Selon le dernier alinéa de l’article 71-1 du décret n° 55-1350 du 14 octobre 1955 pour l’application du décret n° 55-22 du 4 janvier 1955, l’état descriptif doit identifier l’immeuble auquel il s’applique, opérer une division en lots et attribuer un numéro à chaque lot.

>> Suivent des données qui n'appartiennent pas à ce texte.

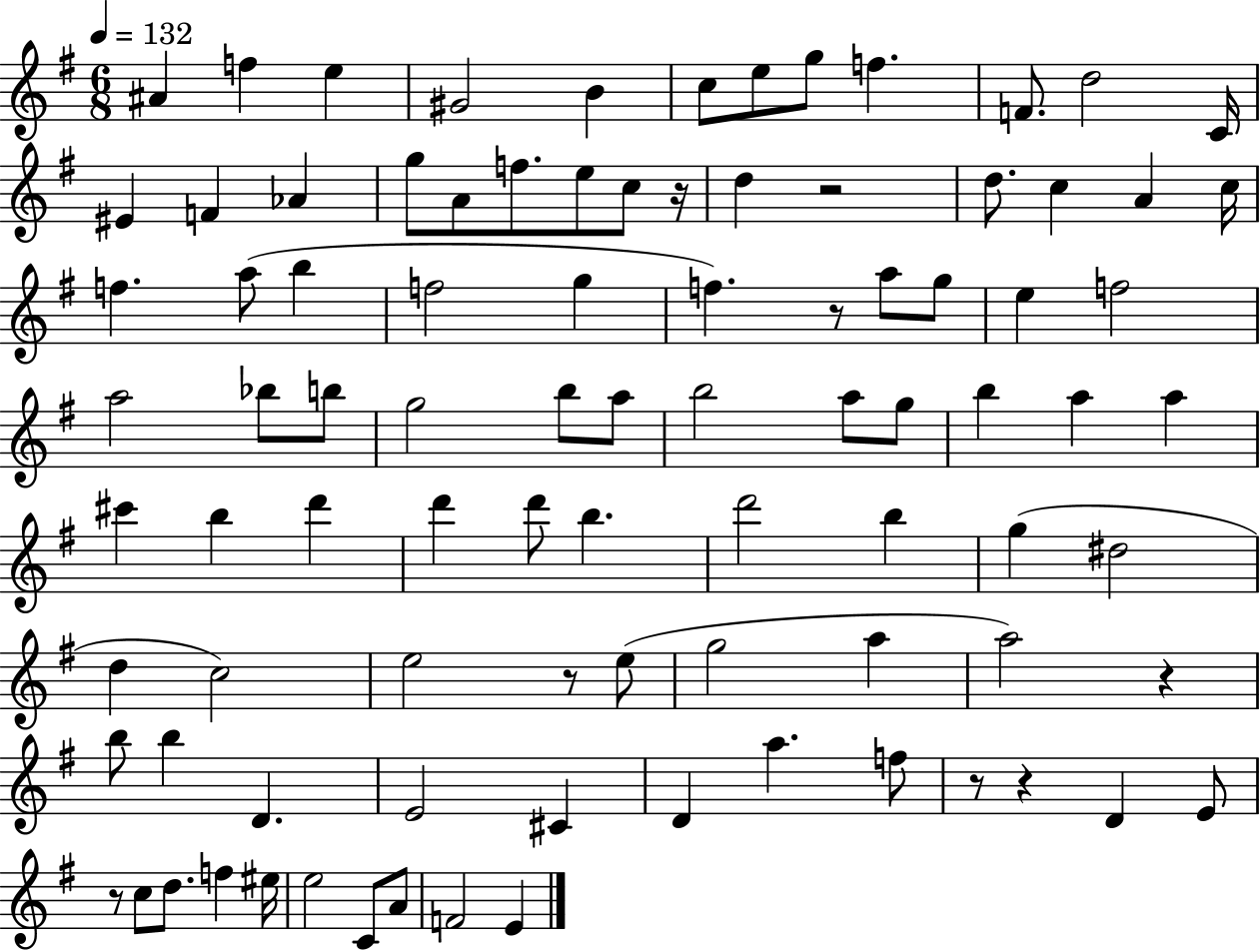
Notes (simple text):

A#4/q F5/q E5/q G#4/h B4/q C5/e E5/e G5/e F5/q. F4/e. D5/h C4/s EIS4/q F4/q Ab4/q G5/e A4/e F5/e. E5/e C5/e R/s D5/q R/h D5/e. C5/q A4/q C5/s F5/q. A5/e B5/q F5/h G5/q F5/q. R/e A5/e G5/e E5/q F5/h A5/h Bb5/e B5/e G5/h B5/e A5/e B5/h A5/e G5/e B5/q A5/q A5/q C#6/q B5/q D6/q D6/q D6/e B5/q. D6/h B5/q G5/q D#5/h D5/q C5/h E5/h R/e E5/e G5/h A5/q A5/h R/q B5/e B5/q D4/q. E4/h C#4/q D4/q A5/q. F5/e R/e R/q D4/q E4/e R/e C5/e D5/e. F5/q EIS5/s E5/h C4/e A4/e F4/h E4/q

L’article 71-2 premier alinéa dudit décret dispose par ailleurs que :
« Un lot est formé par toute fraction d’immeuble sur laquelle s’exercent ou peuvent s’exercer des droits réels concurrents, y compris la quote-part des parties communes, si elle existe et si elle est déterminée ».
En l’espèce, Madame [K] [A] veuve [R] ne justifie par aucun élément de preuve de ses allégations selon lesquelles la résolution n° 23 portant sur la « mise en conformité avec les exigences du décret n° 55-1350 du 14 octobre 1955 du lot 17 par la création de trois lots distincts » à « la demande de Monsieur [Z] [A] » serait :
— contraire à une quelconque stipulation du règlement de copropriété « en vigueur » de l’immeuble (distinct de l’état descriptif de division, qui n’a pas, en principe, de valeur contractuelle),
— de nature à porter atteinte aux droits des copropriétaires « au sens de l’article 544 du code civil » ou à modifier des « droits acquis » des copropriétaires.
Par ailleurs, s’il est constant que le lot n° 17 a été supprimé aux termes du projet modificatif à l’état descriptif de division adopté selon résolution n° 8 de l’assemblée générale du 17 juin 1997, ce modificatif prévoyant la suppression du lot n° 17 et son remplacement par les lots n° 64 à 66 (pièce n° 6 produite par le syndicat des copropriétaires et pièce n° 5 produite par Mme [R]), il n’en demeure pas moins qu’il n’est pas établi que ce modificatif aurait fait l’objet d’une publication.
Au surplus, le tribunal relève que :
— au même titre que dans le modificatif susvisé, la résolution querellée n° 23 a pour objet la subdivision du lot n° 17 « par la création de trois lots distincts (appartement, chambre et cave) » numérotés 64 à 66, sans modification des millièmes généraux, le « total des millièmes des lots créés » étant « identique aux millièmes du lot 17 » (pièce n° 13 produite par Mme [R], page 13),
— au même titre que dans le modificatif susvisé, les tantièmes de parties communes générales afférents à chacun des lots issus de la division sont respectivement de 27 tantièmes pour le lot n° 64 (appartement au 5ème étage), 2 tantièmes pour le lot n° 65 (chambre au 7ème étage) et 1 tantième pour le lot n° 66 (cave), comme indiqué clairement dans la sous-résolution n° 24.3 (pièce n° 13 précitée, page 14).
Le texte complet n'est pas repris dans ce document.